> TASK DETAILS
Write out each line of the listing as it stands, without the images.

[COLLECTED MATERIAL Boundary: Start]

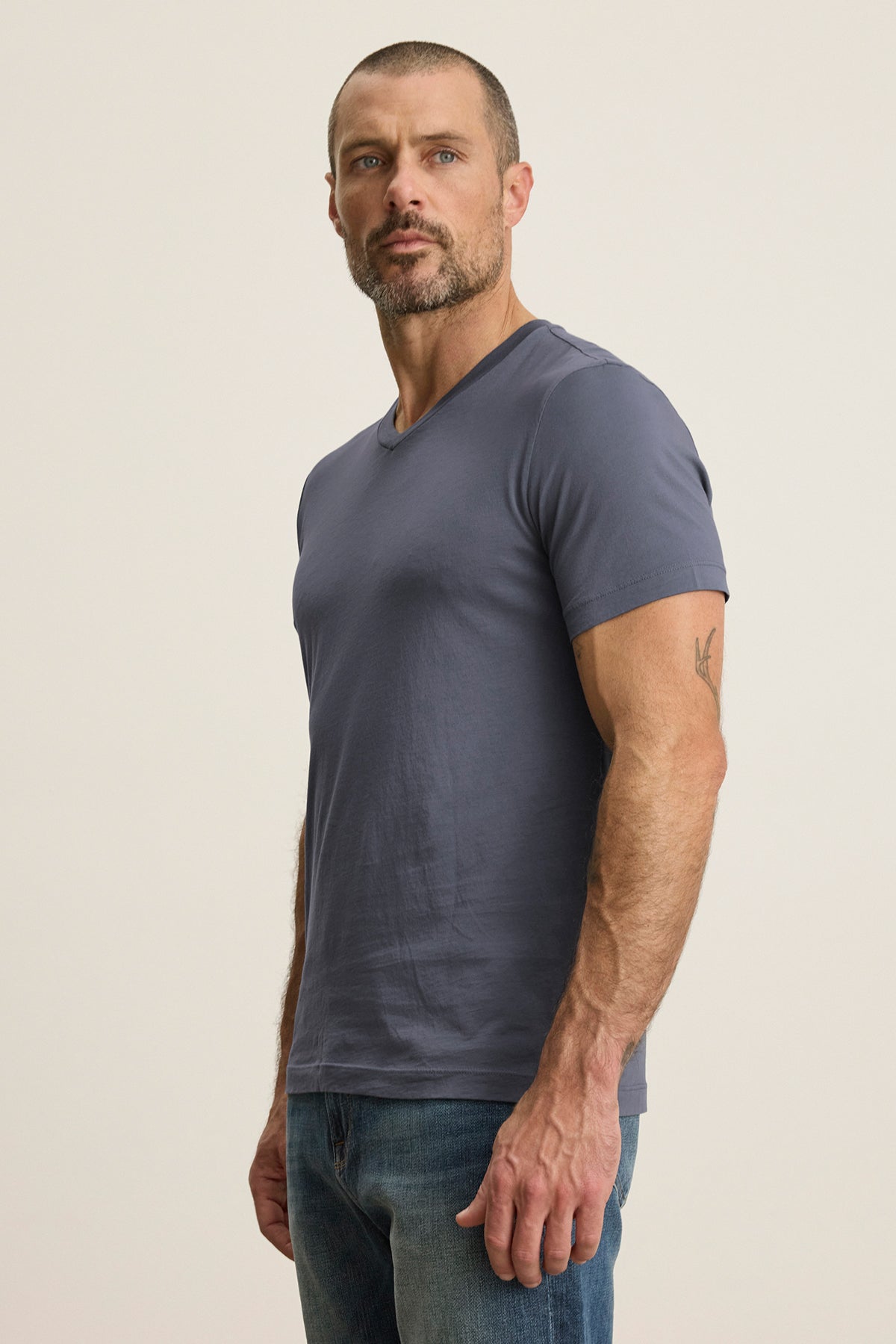   A bearded man, wearing the SAMSEN TEE by Velvet by Graham & Spencer, a gray Pima jersey V-neck T-shirt, combined with jeans, stands against a neutral background. 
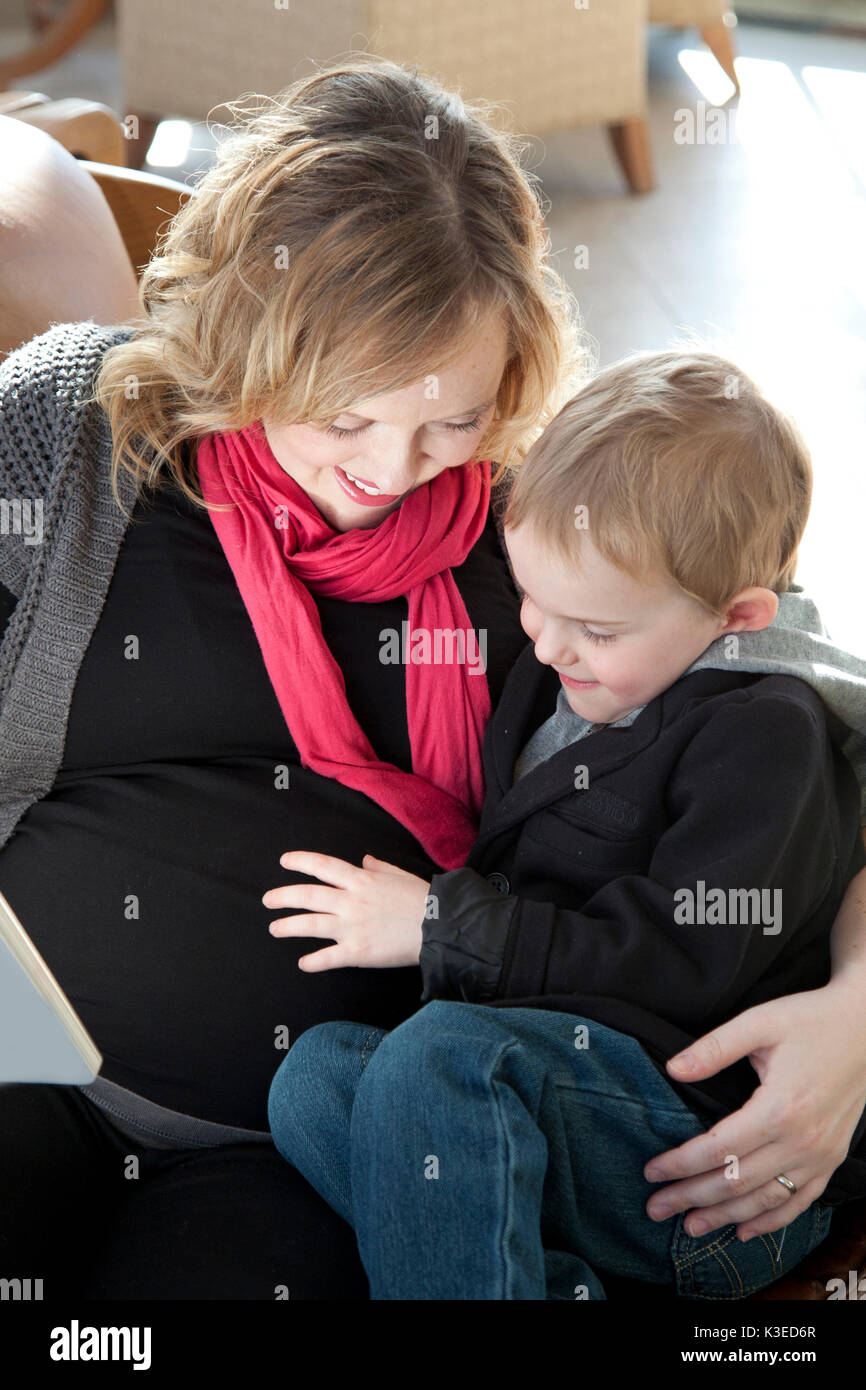 Sorridente madre incinta con il suo braccio intorno a suo figlio per fargli sentire la sua gravidanza pancia. Foto Stock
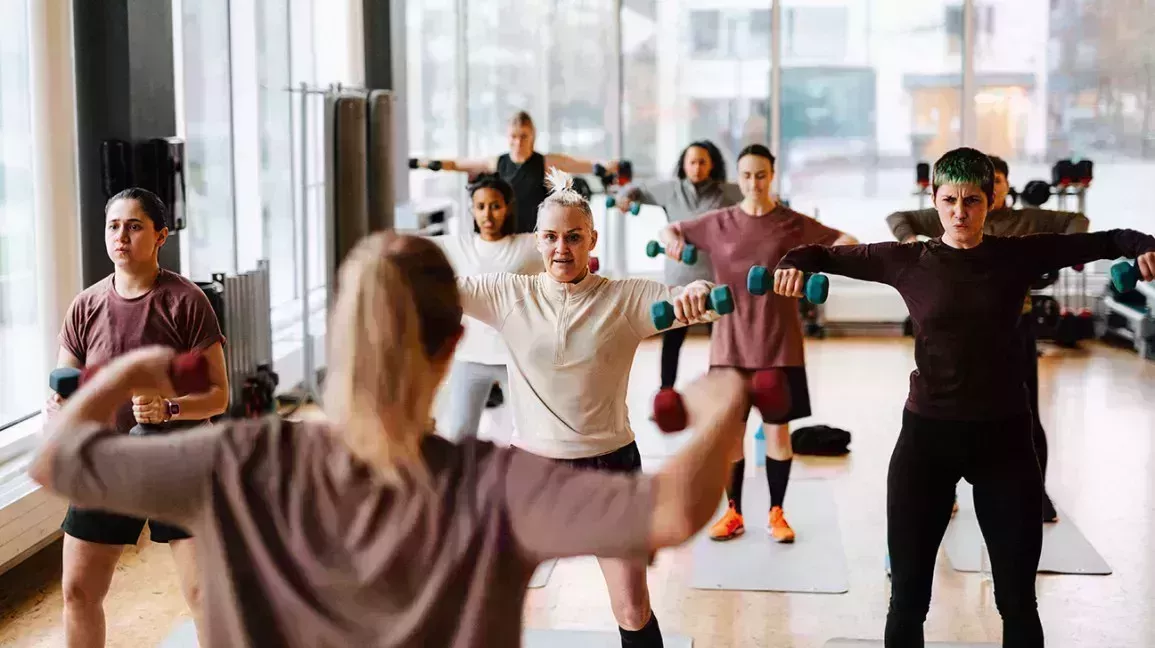 group of people working out in a fitness studio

[COLLECTED MATERIAL Boundary: End]

> THE COMPLETED TASK
   A bearded man, wearing the SAMSEN TEE by Velvet by Graham & Spencer, a gray Pima jersey V-neck T-shirt, combined with jeans, stands against a neutral background. 
 Sorridente madre incinta con il suo braccio intorno a suo figlio per fargli sentire la sua gravidanza pancia. Foto Stock
 group of people working out in a fitness studio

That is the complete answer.